Robot Playing Soccer (perfect grade)

TL;DR

Robot detects and tracks ball, enemy and its own position. It adapts its strategy based on the current situation.

Robot Playing Soccer (perfect grade) preview

Motivation

In a university seminar, I had my first opportunity to combine robotics with AI and computer vision in a practical scenario: making a small robot play soccer autonomously. I was drawn to the intersection of real-time perception and robot behavior planning.

Objectives & Goals

The main task was enabling the robot to accurately detect a soccer ball, navigate to it, and score goals autonomously, employing robust visual detection and strategic planning.

Solution & Implementation

I implemented a hybrid visual detection approach using classical computer vision and deep learning methods. To detect the ball, I applied color masks and circular Hough transforms, extracting the position and estimating distance through geometric calculations. Simultaneously, YOLO detection was explored for identifying goals, opponents, and additional visual markers, though classical CV methods proved most reliable for our controlled conditions.

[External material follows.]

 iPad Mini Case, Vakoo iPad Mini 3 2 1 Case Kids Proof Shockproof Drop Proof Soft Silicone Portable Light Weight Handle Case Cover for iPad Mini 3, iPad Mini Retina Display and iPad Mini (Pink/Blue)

I also programmed the robot's decision logic, including strategies for approaching the ball, maneuvering around obstacles, and accurately shooting towards the goal.

Results & Achievements

The robot effectively navigated, located, and interacted with the ball, reliably executing its autonomous soccer-playing capabilities. Although COVID restrictions prevented competition against other robots, our testing demonstrated impressive solo performance.

Learnings & Reflections

I gained valuable experience combining classical and modern CV methods in real-world robotics, reinforcing my fascination with intelligent robotics and real-time systems.